Hago caso omiso a lo que me pide y aún con las rodillas en el piso y mis brazos rodeándola, pego la oreja contra su abrigo.

Es estúpido, lo sé. Sé que no voy a escuchar absolutamente nada del bebé, que recién a los siete meses casi ocho de Ismaíl comencé a sentir sus pataditas y cada uno de sus movimientos, no obstante estoy convencido de que esta es la forma de reparar los daños con ella.

Con mi hija.

Aunque sea un poroto dentro de la panza de su madre, empezaré desde ya a explicarle que ese despreciable sujeto que la rechazó en un principio no era yo, era una parte de mí enferma, a medias y bastante podrida. Que sí la quiero, que la adoro porque ha sido algo que desde siempre desee.
Tener una hija con la belleza y el carácter de Nicci es de lo que más he deseado en la vida.

—Hola guapa —rozo mis labios contra la tela del abrigo y por un instante olvido que mi esposa me mira atentamente. Por un instante sólo somos su barriga y yo—. ¿Sabes quién soy? —cierro los ojos y como tarado sonrío—. Soy papá.

Esto es por mucho lo más cursi que he hecho pero... No tolero la idea de mi hija creciendo en las entrañas de la gitana percibiendo mi rechazo.

Soy fiel creyente de ello porque mi madre me metió esa idea hasta por la nariz; la de que los bebés perciben todo, incluso quienes los quieren y quienes no.

—Rashid —me interrumpe entrecortadamente—, levántate del suelo.

Obedezco porque no me queda de otra.
La escucho reticente de repente y no me gusta.
 
Me pongo de pie y me sumerjo de lleno en la belleza que expone su rostro. Sus ojos brillan a causa de lágrimas que derramó y de otras que retiene.
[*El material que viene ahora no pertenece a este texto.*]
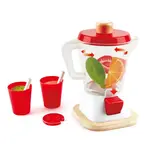 Hape Smoothie Blender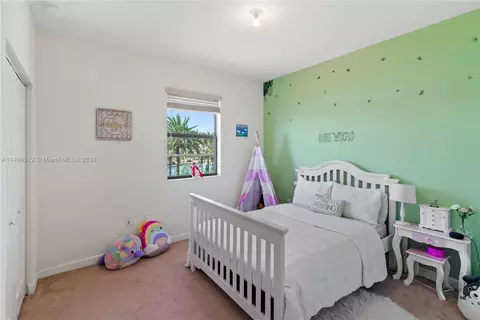 3486 W 103rd Ter, Hialeah, FL 33018 photo 26
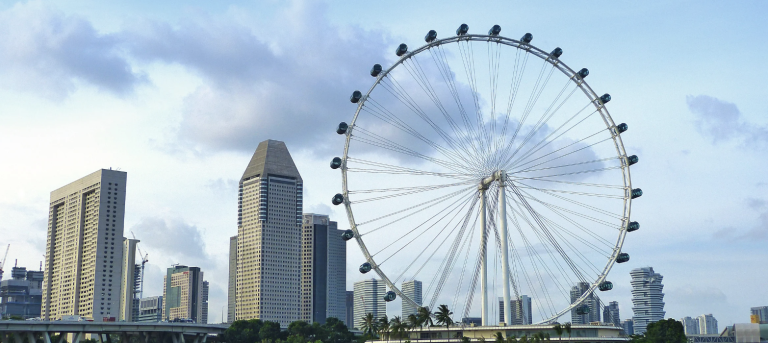 becoming a permanent resident in singapore article cover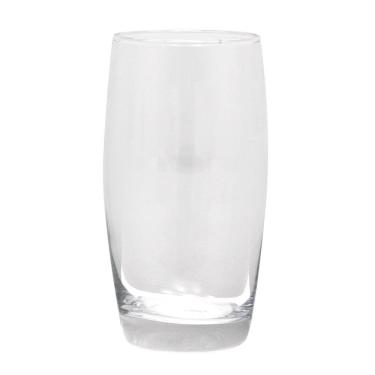 Imagem de Jogo 6 Copos Oca 7629 Long Drink - Nadir Figueiredo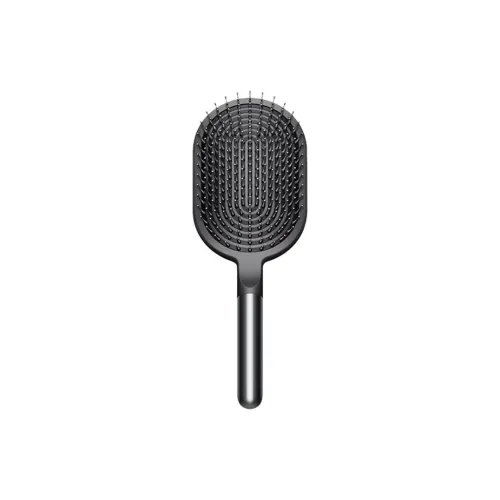 Dyson Original Massage Scalp Air Cushion Comb Hair Care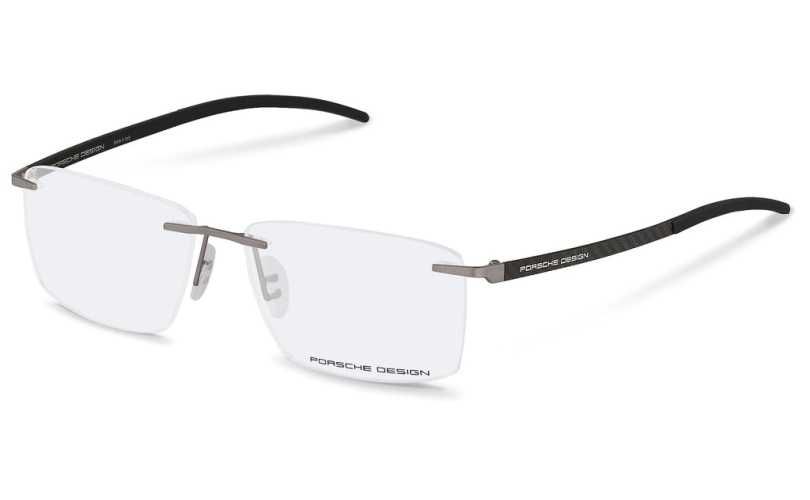 Мъжки рамки за очил Porsche Design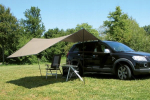 Auto vari EUROTRAIL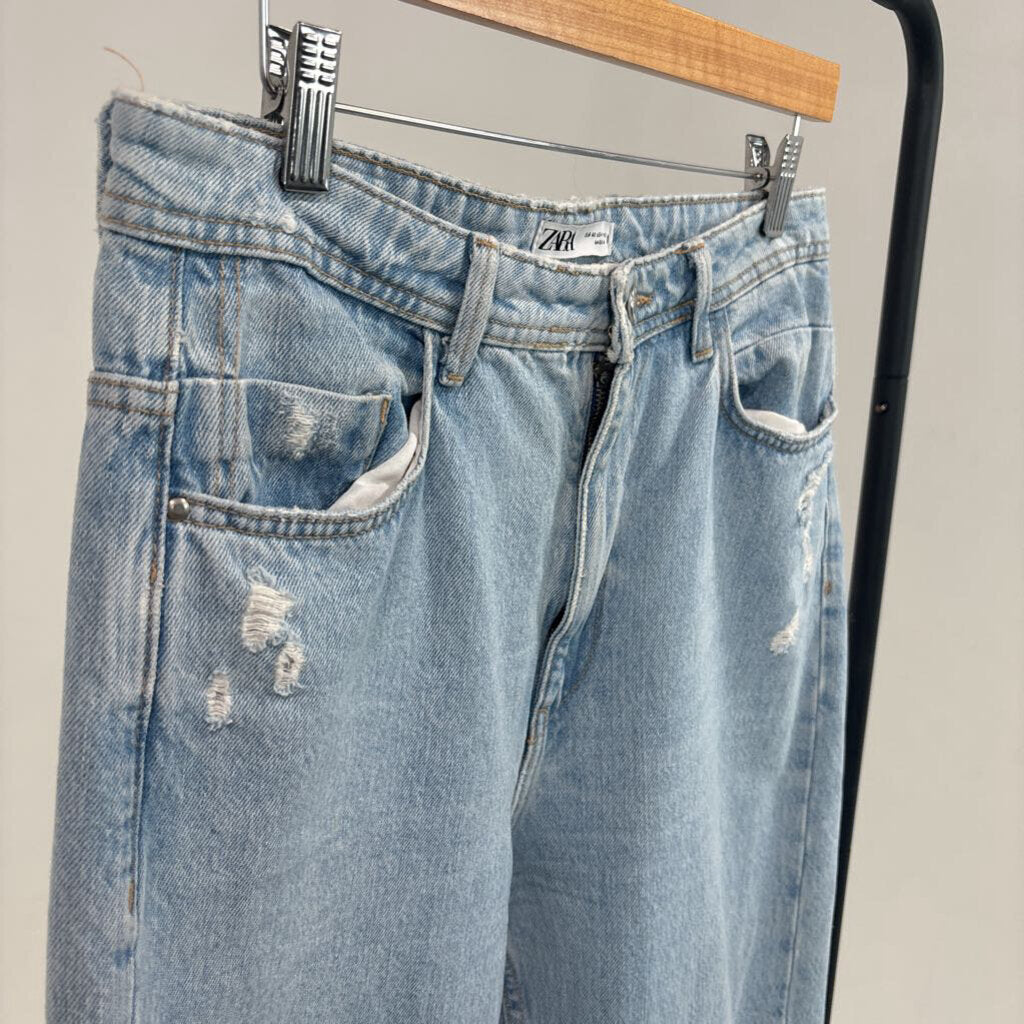 Wide Leg Jean (10)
Sus labios se trazan en una expresión recta e indescifrable y su mano se ahueca en mi mandíbula, acariciándola con una lentitud que me aterra.

—¿Por qué siempre tienes que ser así? —me pregunta con cierto enfado.

—¿Así? —replico—. ¿Así cómo?

Rueda los ojos—. ¡Encantador y persuasivo!

Pongo las manos en mis bolsillos.

—Soy en lo que me convertiste, habibi.

—Yo —inspira profundo, y retrocede un paso.

Esto me alerta, más por el semblante agobiado que atormenta sus faccioned que por la acción inmediata de alejarse de mí.

—¿Nicci?

—No puedo seguir así —dice en un lamento—. Perdóname pero si lo hago... Voy a reventar en cualquier momento.

Arrugo el ceño y por más que intento avanzarla o detenerla todo el miedo de perderla definitivamente me consume de repente.

—¿De qué me estás hablando?

Quiero acortar la distancia que ella imparte pero me enseña su palma y sigue retrocediendo imponiendo entre los dos un abismo.

—Es que... Ya no lo soporto —me da la espalda y la veo irse por el pasillo.

Sudo en frío y la sangre se agolpa en mis pies al repararla entrando nuevamente al estudio judicial.

Me quedo absorto, como pasmado, llamándola entre gruñidos e insultos sin poder entender qué demonios hice mal.